The city unfolded around Akiko like a hallucination carved from signal noise.
Glass towers rose in all directions, shaped from refracted light and shifting data streams. Their windows pulsed with activity, every flicker behind the glass a processor at work. Streets flowed between them, broad arteries of current, their surfaces smooth and flickering with fragments of code that flowed like traffic. Above, the sky was not sky at all but a tessellated dome of stars, each one another city, another node in a vast and distributed whole.
It was beautiful. And wrong. There were no people here. No sound but the low thrum of computation. The sense of absence prickled against her skin, like she'd stepped into the echo of a world that had never been alive.
Akiko turned slowly. The street beneath her boots was glassy, but not reflective. It drank in the light around her and returned it as heatless shimmer. Even her footsteps felt off, as though the system wasn't fully sold on her having a body at all.

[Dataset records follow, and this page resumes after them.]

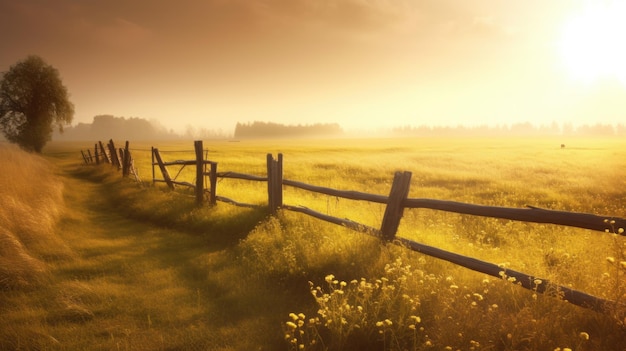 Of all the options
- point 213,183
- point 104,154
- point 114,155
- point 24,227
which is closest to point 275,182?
point 213,183

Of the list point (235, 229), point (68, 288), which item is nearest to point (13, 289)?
point (68, 288)

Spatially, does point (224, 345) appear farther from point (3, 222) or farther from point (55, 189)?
point (55, 189)

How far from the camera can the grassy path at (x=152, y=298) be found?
4000 mm

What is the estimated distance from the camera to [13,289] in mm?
4965

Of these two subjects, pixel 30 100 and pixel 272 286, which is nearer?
pixel 272 286

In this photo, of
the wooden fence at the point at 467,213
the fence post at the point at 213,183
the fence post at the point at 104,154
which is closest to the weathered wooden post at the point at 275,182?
the wooden fence at the point at 467,213

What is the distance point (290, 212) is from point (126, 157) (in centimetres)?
1232

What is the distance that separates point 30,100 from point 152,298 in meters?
46.9

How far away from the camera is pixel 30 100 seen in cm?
3884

Then, beside her, Takuto padded into view. He shimmered into being like a projection finding focus, his white fur catching the blue-white glow of the city around them. His form was lit from within, edged in soft computational static, but his movements were smooth and precise, as always.

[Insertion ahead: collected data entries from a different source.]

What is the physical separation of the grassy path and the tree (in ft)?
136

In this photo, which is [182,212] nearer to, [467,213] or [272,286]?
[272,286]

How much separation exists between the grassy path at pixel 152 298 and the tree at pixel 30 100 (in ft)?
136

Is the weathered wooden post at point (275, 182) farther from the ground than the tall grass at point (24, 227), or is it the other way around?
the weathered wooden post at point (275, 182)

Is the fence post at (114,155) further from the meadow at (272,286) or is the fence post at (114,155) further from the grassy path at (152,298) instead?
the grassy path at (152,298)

The white fox gave a small shake of his head, ears twitching. "Synchronization complete."
Akiko opened her mouth to answer, and a migraine struck with the force of a gunshot. She staggered, one hand bracing against a cold lamppost that hadn't been there a moment ago. Her vision pixelated, doubled, stuttered. It was like being dragged in every direction at once by forces she couldn't perceive, her neural link fighting to reconcile a thousand frames of input per second with a body meant for far fewer.
Takuto's expression didn't change, but his tone gentled. "You've synchronized with the system's active frame state. Processing speed exceeds standard by a factor of 800. Neural load nearing unsafe levels."
Akiko gritted her teeth. "Then pull me out."
"Negative. Your exit protocol has been delayed. External interference. Full integration is underway."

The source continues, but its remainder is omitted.